### Data extract

*** Block opens ***

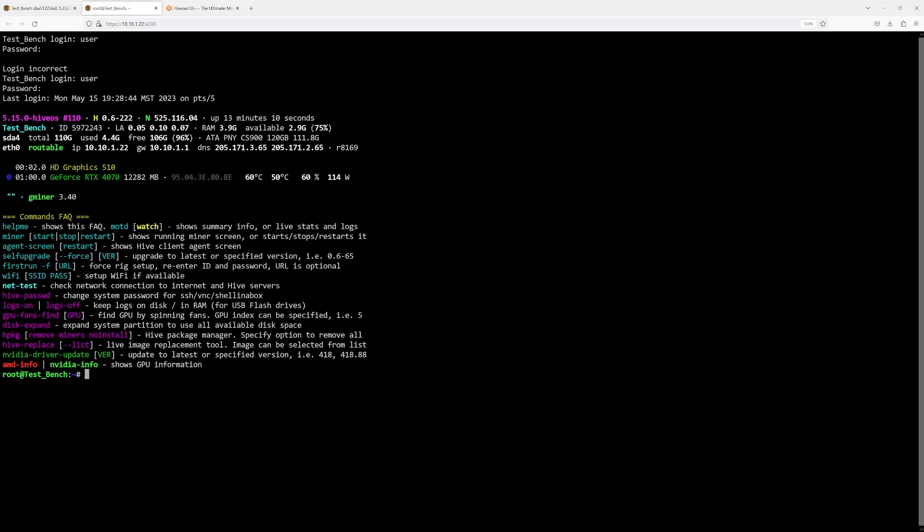Remember, in this crypto mining area that we're in right now, it is up to us to protect ourselves. Not to assume that HiveOS will protect us, not to assume any of these mining softwares are going to protect us.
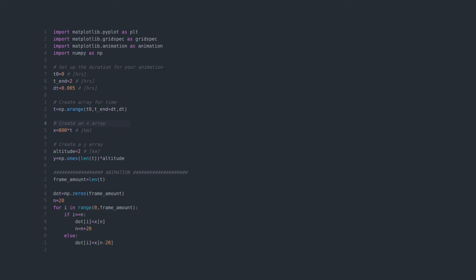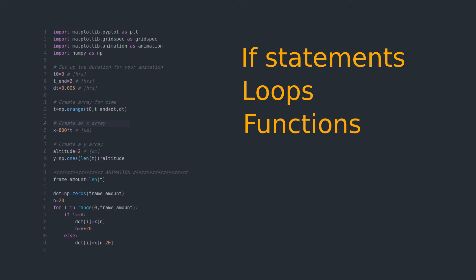You only need basic understanding of if statements, loops and functions in Python to get started. That's it.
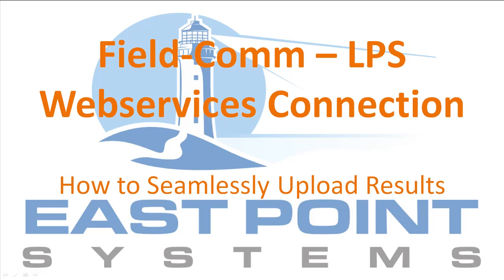Welcome to the FieldCom.net training series. In this video, we will show you how to upload photos and report forms directly to LPS without needing to view their website.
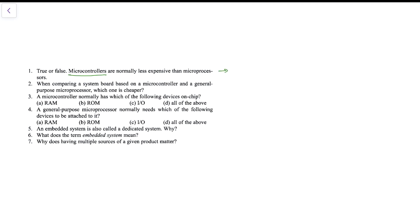Microcontrollers are less expensive because every peripheral is on the chip itself — they don't need any external peripherals, whereas a microprocessor needs external peripherals, making it more expensive. So the answer is true. The second question is: when comparing a board based on a microcontroller versus a general-purpose microprocessor, which one is cheaper? The answer is, of course, the microcontroller-based embedded board — it is less expensive.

*** Block closes ***

### Work to be completed
The answer must be the full listing retyped exactly, with no pictures in it.

### Answer area
Remember, in this crypto mining area that we're in right now, it is up to us to protect ourselves. Not to assume that HiveOS will protect us, not to assume any of these mining softwares are going to protect us.
You only need basic understanding of if statements, loops and functions in Python to get started. That's it.
Welcome to the FieldCom.net training series. In this video, we will show you how to upload photos and report forms directly to LPS without needing to view their website.
Microcontrollers are less expensive because every peripheral is on the chip itself — they don't need any external peripherals, whereas a microprocessor needs external peripherals, making it more expensive. So the answer is true. The second question is: when comparing a board based on a microcontroller versus a general-purpose microprocessor, which one is cheaper? The answer is, of course, the microcontroller-based embedded board — it is less expensive.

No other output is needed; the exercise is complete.